Face à l’ampleur du phénomène qui risque d’être accentué à l’avenir par le changement climatique, l’Algérie qui a consenti d’énormes efforts, autant humains que logistiques, s’emploie, selon le rapport, à affiner sa stratégie.

Feux de forêts en Algérie : des chiffres alarmants

Dans ce cadre, outre les moyens mobilisés et la politique arrêtée, un plan général de prévention contre les feux de forêt est en cours de préparation.

D’une centaine de pages, le rapport de la Banque mondiale aborde les enjeux cruciaux de la gestion forestière en Algérie et identifie les principaux axes d’intervention pour renforcer la durabilité et la résilience climatique des ressources forestières du pays.

Il met ainsi en avant cinq axes cruciaux pour la gestion durable des forêts et la lutte contre les incendies, à travers une collaboration étroite entre institutions gouvernementales, société civile, communautés locales et parties prenantes.

« La priorité est d’assurer des ressources financières et investissements pérennes dans le secteur forestier », recommande principalement le rapport.

De plus, le rapport insiste sur l’importance de placer la gestion durable des forêts et l’analyse des risques d’incendies au cœur des interventions, avec la participation active des communautés.

Feux de forêts en Algérie : les wilayas les plus touchées

Il souligne aussi le besoin d’améliorer la gouvernance par une clarification du cadre juridique et organisationnel en matière de gestion forestière et de feux de forêt.

En outre, le rapport met l’accent sur une « meilleure gestion de l’information grâce à une collaboration interinstitutionnelle renforcée. Enfin, il préconise de continuer à renforcer les capacités techniques du secteur pour assurer une gestion efficace des forêts et des incendies », souligne le communiqué de presse de la banque mondiale.

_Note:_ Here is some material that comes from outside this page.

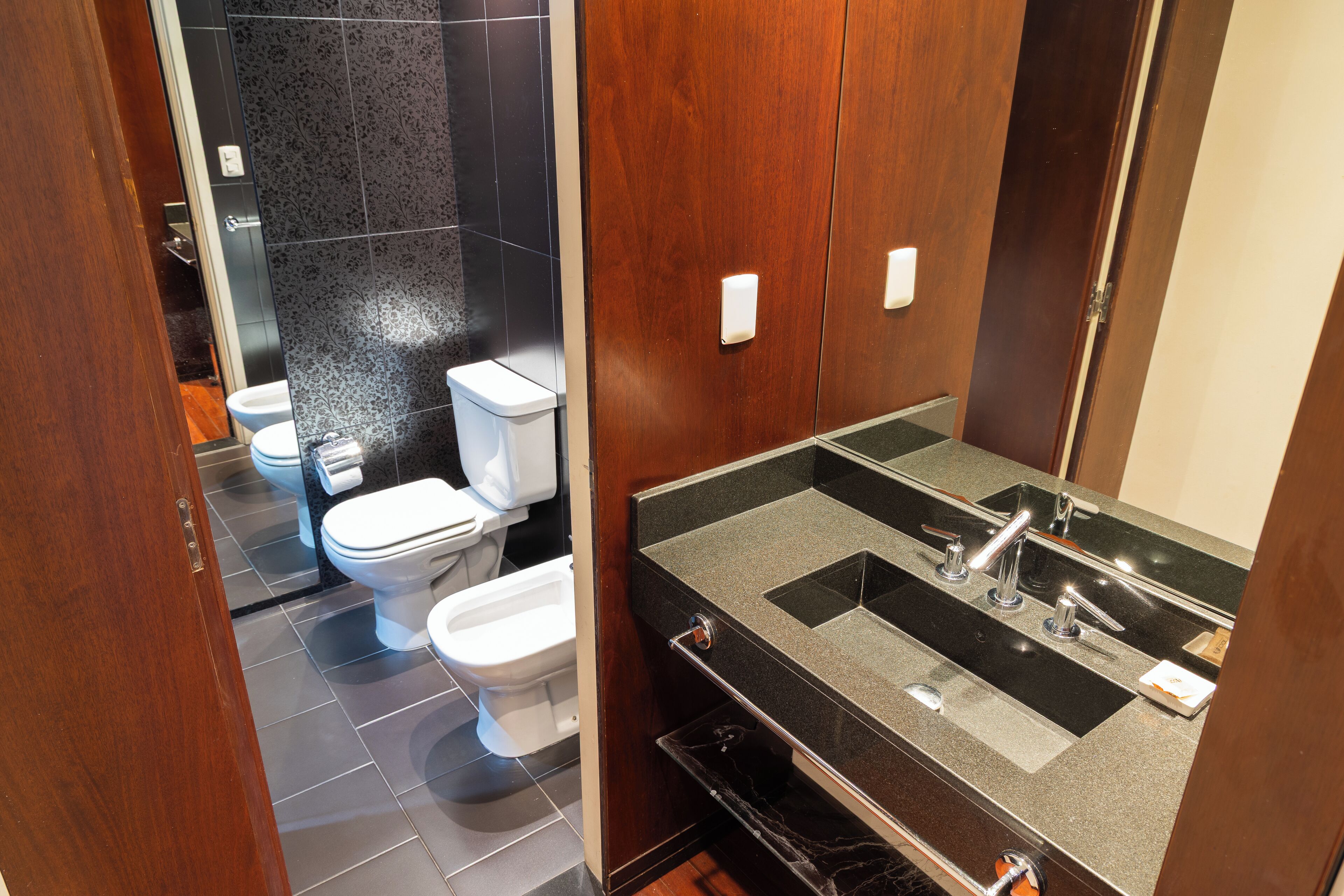 A modern bathroom with a wooden vanity, a sink, and a mirror.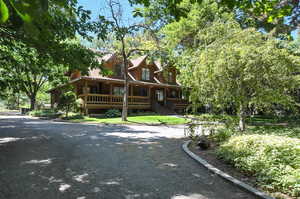 Log cabin featuring covered porch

D’après, Kamel Braham, Représentant résident de la Banque mondiale en Algérie, ce rapport « offre une feuille de route à l’Algérie pour une gestion durable de ses ressources forestières, la réduction des risques de feux de forêt et l’exploitation du potentiel des forêts pour une croissance plus verte, la création d’emplois et une meilleure résilience climatique. »

Pour sa part, Djamel Touahria, DG des Forêts, soutient : « Nous apprécions cette analyse du secteur forestier, dont les conclusions et recommandations sont en parfaite adéquation avec notre vision consignée dans la stratégie forestière à l’horizon 2035 et visant à promouvoir une gestion forestière durable, participative et respectueuse du climat, au bénéfice des moyens de subsistance locaux et de l’environnement. Cela s’aligne également avec la nouvelle loi forestière, qui va accompagner les changements économiques, sociaux et climatiques qui ont marqué notre pays ».

D’après les données du rapport, c’est la wilaya de Tizi Ouzou qui est en tête de liste avec 6 887 feux de forêt entre 1985 et 2022 (soit 181 FF/an en moyenne). Il s’agit de la Wilaya forestière la plus peuplée d’Algérie (plus de 1,2 millions d’habitants).

En plus de Tizi Ouzou, les Wilayas les plus touchées, avec 2 000 à 6 000 feux de forêt au total, sont Béjaïa (5 285), Jijel (4 864), Blida (4 416), Tipaza (4 166), El Tarf (4 122), Médéa (3 864), Skikda (3 928), Bouira (3 589), Ain Defla (3 410), Boumerdes (3 121), Chlef (2 871) et Souk Ahras (2 658). On y retrouve huit des Wilayas littorales.